A carta de são Patrício é ainda mais comovente porque ele disse que era um ex-escravo. Ele relatou que invasores irlandeses o sequestraram e massacraram os homens e mulheres que trabalhavam como empregados na casa de seu pai.

Jennifer Paxton, professora de história que leciona no programa de Estudos Irlandeses da Universidade Católica da América, disse à CNA, agência em inglês da EWTN, que o santo “teria sabido muito bem o que estes escravos estavam passando, porque foi vítima de tal ataque”.

Ela disse que “no século V, este tipo de ataque era endêmico em todas as Ilhas Britânicas. Ele foi roubado de algum lugar, não temos certeza de onde, no oeste da Grã-Bretanha, e levado cativo para a Irlanda”.

Durante seu cativeiro, São Patrício passou seis anos cuidando de ovelhas para seu mestre.

“Obviamente, ele não gostou de seu tempo como escravo e queria que isso acabasse. Portanto, ele certamente teria se identificado com essas vítimas”, acrescentou.

Paxton falou da importância histórica da carta de são Patrício, por ser um testemunho único na história medieval. “Não temos nenhum outro relato em primeira pessoa de alguém que foi capturado por bárbaros e sobreviveu. Não temos nada parecido".

Ela disse que a carta de são Patrício e sua outra obra chamada “A Confissão de São Patrício” estão “impregnadas das Escrituras” e que “ele basicamente escreve com citações das Escrituras”, disse ela.

A este respeito, recordou que o uso da Bíblia feito por são Patrício na sua carta é incomum num texto medieval, porque cita muitas seções diferentes da Bíblia, como os Evangelhos, os Atos dos Apóstolos e muitos livros proféticos.

Segundo Paxton, a carta foi escrita para ser lida em voz alta em outro lugar, na esperança de que Coroticus e seus homens acabassem descobrindo e sofrendo pressão popular.
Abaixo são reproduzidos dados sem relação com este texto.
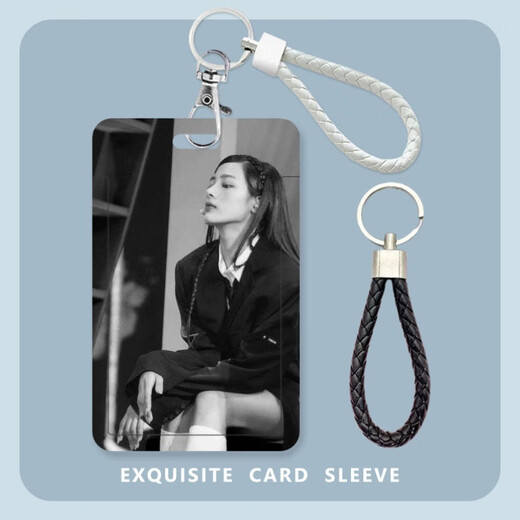 
Newjeans surrounding MINJI Jinminzhi card set campus student meal card bus subway card key chain integrated 6625 card set + white leather rope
Ela ressaltou que seu estilo de escrita é “um tanto defensivo”, porque “ele enfrenta obstáculos tremendos e sabe disso”.

São Patrício disse que aqueles que ouvissem a carta não deveriam "bajular essas pessoas" e não deveriam compartilhar comida ou bebida com elas até que libertassem seus cativos e "deem satisfação a Deus com penitência severa e derramamento de lágrimas", disse a historiadora.

O santo, continuou ela, “pelo que sabemos, nunca recupera esses cativos”, mas, “o que temos é este cri de coeur [apelo sincero e comovente] que ressoou ao longo dos séculos. Mas ele não conseguiu os salvar".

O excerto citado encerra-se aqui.